大入賞装置33は、始動口28の下方に配設されている。ここで、大入賞装置33は、帯状に開口された大入賞口33aと、この大入賞口33aを開放・閉鎖する開閉板33bと、この開閉板33bを開閉するための大入賞口ソレノイド33c(図4参照)と、遊技球の入球を検知する入球検知スイッチ33s(図4参照)とから主に構成されている。
大入賞装置33の左斜め上方と右斜め上方には、左入賞口34〜37が設けられている。これらの内部には、それぞれ入賞口入球検知スイッチ(図示せず)が設けられている。
第1装飾部材50には、複数のLEDが設けられており、これらのLEDの組合せにより、普通図柄表示部51、普図保留表示部52、特別図柄保留表示部53が構成されている。同様に第2装飾部材60には、複数のLEDが設けられており、これらのLEDの組合せにより、特別図柄表示部61が構成されている。
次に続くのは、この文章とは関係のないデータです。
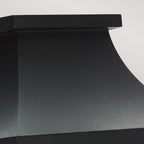 Norlys Turin Outdoor Half Wall Lantern in Black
普通図柄表示部51は、1個のLEDから構成されており、このLEDにより普通図柄の表示が行われる。普通図柄表示部51では、普通図柄の変動表示及び停止表示が行われる。普通図柄表示部51では、普通図柄作動ゲート27を遊技球が通過することにより普通図柄が変動開始し、所定時間経過後に普通図柄が当り普通図柄の表示態様あるいは外れ普通図柄の表示態様で停止表示される。そして、普通図柄が予め設定された当り普通図柄の表示態様で停止表示すると、第2始動口28bが所定時間(例えば0.1秒)だけ開放される。
本実施例では、普通図柄当否判定用乱数が用意されており、遊技球が普通図柄作動ゲート27を通過した際に、第2始動口28bを作動させるか否かの普通図柄当否判定に用いられる。普通図柄当否判定用乱数には、予め当り値が設定されており、遊技球が普通図柄作動ゲート27を通過したタイミングで取得された普通図柄当否判定用乱数が当り値と一致する場合に当りと判定される。そして、当りと判定された場合には、普通図柄表示部51で停止表示される普通図柄は、当り普通図柄の表示態様に決定される。一方、外れと判定された場合には、普通図柄表示部51で停止表示される普通図柄は外れ普通図柄の表示態様に決定される。なお、普通図柄当否判定および普通図柄の停止図柄の決定は、後述の主制御基板200のCPU200aによって行われる。
ここで、普通図柄の保留について説明する。普図保留表示部52には普通図柄保留数が表示され、普通図柄作動ゲート27を通過した遊技球の数を最大保留数(本実施例では4個)まで保留可能となっている。そして、次回の普通図柄当否判定が行われ普通図柄の変動表示が開始する毎に、未始動回数(保留数)が消化され、普通図柄保留数が1個ずつ減少する。普図保留表示部52は2つのLEDからなり、2個のLEDの消灯、点灯、および点滅を組み合わせることで、4個を上限として保留数を表示することができる。普通図柄の保留および保留消化は、後述の主制御基板200のCPU200aによって行われる。普通図柄の保留に伴って、普通図柄当否判定用乱数が主制御基板200のRAMの所定領域に記憶される。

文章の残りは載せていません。